═══ Data records
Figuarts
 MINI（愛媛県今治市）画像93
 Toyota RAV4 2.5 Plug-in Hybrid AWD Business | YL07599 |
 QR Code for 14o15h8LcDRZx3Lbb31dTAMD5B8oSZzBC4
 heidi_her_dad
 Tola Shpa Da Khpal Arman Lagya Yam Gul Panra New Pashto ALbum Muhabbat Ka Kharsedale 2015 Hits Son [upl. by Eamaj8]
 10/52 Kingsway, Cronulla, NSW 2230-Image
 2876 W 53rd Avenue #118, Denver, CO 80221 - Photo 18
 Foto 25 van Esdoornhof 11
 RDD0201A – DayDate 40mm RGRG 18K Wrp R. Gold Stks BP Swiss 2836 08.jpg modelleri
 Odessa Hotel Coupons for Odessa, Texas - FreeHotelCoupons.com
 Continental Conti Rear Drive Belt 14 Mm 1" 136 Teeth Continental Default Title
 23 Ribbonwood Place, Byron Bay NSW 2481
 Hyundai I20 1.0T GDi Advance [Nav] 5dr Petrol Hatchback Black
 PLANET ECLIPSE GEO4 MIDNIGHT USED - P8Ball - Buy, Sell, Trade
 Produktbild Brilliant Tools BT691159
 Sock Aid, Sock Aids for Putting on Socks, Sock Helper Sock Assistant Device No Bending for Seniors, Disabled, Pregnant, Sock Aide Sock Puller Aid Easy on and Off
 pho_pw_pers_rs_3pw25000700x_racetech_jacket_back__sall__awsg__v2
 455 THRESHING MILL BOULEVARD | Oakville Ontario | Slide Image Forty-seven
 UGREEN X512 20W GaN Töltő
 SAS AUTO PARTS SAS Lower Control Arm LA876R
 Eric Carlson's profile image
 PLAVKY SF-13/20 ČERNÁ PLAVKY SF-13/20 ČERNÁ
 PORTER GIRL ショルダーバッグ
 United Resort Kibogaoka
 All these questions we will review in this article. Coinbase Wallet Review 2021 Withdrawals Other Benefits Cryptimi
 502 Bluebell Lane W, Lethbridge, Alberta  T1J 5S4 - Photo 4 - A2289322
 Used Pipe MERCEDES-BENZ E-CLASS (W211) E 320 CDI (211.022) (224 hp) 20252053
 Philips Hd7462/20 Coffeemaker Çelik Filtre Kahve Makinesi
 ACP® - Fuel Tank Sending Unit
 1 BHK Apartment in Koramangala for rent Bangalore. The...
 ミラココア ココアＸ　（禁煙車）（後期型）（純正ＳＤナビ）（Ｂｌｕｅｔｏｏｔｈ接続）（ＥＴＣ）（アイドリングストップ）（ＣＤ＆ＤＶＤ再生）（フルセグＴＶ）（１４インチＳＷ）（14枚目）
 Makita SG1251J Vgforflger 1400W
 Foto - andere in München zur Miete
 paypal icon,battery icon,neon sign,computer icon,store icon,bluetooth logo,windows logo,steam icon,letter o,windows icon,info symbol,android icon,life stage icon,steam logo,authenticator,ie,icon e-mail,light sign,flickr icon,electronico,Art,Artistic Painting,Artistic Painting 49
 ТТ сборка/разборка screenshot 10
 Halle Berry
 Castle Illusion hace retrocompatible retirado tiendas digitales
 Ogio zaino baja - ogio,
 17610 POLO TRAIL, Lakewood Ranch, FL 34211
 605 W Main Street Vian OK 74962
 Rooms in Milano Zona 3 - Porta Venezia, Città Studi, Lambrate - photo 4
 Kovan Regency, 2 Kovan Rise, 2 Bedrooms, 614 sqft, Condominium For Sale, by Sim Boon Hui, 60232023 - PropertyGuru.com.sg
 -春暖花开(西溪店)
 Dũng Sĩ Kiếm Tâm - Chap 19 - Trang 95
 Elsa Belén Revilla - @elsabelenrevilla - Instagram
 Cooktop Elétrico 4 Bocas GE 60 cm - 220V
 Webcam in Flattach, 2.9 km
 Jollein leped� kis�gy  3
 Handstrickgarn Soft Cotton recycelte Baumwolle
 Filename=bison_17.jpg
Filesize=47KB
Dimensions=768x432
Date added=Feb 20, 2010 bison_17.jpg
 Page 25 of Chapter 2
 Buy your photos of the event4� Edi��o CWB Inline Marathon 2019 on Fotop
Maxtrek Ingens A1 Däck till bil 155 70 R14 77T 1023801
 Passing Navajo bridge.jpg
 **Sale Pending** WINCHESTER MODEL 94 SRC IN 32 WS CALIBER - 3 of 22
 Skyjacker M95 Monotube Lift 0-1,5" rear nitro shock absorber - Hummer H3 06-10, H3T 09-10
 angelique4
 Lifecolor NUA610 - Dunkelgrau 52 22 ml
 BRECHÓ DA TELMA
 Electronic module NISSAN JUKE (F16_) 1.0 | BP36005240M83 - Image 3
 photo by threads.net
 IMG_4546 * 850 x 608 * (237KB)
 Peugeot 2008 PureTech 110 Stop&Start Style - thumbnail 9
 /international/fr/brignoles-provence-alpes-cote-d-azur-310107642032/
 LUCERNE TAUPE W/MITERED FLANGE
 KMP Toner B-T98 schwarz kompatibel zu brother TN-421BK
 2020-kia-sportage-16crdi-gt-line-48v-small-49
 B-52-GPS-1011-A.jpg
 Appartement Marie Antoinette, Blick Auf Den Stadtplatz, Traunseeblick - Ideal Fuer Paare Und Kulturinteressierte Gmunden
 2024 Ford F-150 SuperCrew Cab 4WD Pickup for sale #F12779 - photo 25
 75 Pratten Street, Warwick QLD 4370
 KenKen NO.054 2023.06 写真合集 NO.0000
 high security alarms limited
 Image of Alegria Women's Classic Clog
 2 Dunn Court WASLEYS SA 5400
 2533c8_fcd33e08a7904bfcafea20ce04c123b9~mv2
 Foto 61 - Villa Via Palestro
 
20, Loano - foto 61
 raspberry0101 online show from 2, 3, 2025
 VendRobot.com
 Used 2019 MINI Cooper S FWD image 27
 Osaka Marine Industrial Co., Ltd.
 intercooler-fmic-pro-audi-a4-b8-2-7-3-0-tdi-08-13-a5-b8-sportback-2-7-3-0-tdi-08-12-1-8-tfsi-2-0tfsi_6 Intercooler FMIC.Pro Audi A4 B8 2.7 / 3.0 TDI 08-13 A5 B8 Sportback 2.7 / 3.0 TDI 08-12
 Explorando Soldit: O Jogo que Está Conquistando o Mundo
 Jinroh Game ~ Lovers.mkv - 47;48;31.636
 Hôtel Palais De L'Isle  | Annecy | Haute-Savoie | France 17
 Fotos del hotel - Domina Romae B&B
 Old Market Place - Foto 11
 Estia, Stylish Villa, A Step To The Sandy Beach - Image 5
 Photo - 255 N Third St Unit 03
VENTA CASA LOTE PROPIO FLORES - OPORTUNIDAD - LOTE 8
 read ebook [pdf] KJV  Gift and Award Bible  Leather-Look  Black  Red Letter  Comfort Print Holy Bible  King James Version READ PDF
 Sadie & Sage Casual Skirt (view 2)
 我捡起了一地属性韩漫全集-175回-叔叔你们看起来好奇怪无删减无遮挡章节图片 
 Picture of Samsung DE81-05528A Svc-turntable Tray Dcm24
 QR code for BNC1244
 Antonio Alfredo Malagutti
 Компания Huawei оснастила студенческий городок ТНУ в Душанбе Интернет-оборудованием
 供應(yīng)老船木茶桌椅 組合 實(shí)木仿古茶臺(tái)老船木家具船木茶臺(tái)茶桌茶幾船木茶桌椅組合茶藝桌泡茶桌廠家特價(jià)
══════
▶ _Exercise directions_
Whatever else the listing above holds, retype exactly only the lines from the one containing "Lifecolor NUA610 - Dunkelgrau 52 22 ml" to the one containing "Osaka Marine Industrial Co., Ltd.", both ends kept.

▶ _Written reply_
 Lifecolor NUA610 - Dunkelgrau 52 22 ml
 BRECHÓ DA TELMA
 Electronic module NISSAN JUKE (F16_) 1.0 | BP36005240M83 - Image 3
 photo by threads.net
 IMG_4546 * 850 x 608 * (237KB)
 Peugeot 2008 PureTech 110 Stop&Start Style - thumbnail 9
 /international/fr/brignoles-provence-alpes-cote-d-azur-310107642032/
 LUCERNE TAUPE W/MITERED FLANGE
 KMP Toner B-T98 schwarz kompatibel zu brother TN-421BK
 2020-kia-sportage-16crdi-gt-line-48v-small-49
 B-52-GPS-1011-A.jpg
 Appartement Marie Antoinette, Blick Auf Den Stadtplatz, Traunseeblick - Ideal Fuer Paare Und Kulturinteressierte Gmunden
 2024 Ford F-150 SuperCrew Cab 4WD Pickup for sale #F12779 - photo 25
 75 Pratten Street, Warwick QLD 4370
 KenKen NO.054 2023.06 写真合集 NO.0000
 high security alarms limited
 Image of Alegria Women's Classic Clog
 2 Dunn Court WASLEYS SA 5400
 2533c8_fcd33e08a7904bfcafea20ce04c123b9~mv2
 Foto 61 - Villa Via Palestro
 
20, Loano - foto 61
 raspberry0101 online show from 2, 3, 2025
 VendRobot.com
 Used 2019 MINI Cooper S FWD image 27
 Osaka Marine Industrial Co., Ltd.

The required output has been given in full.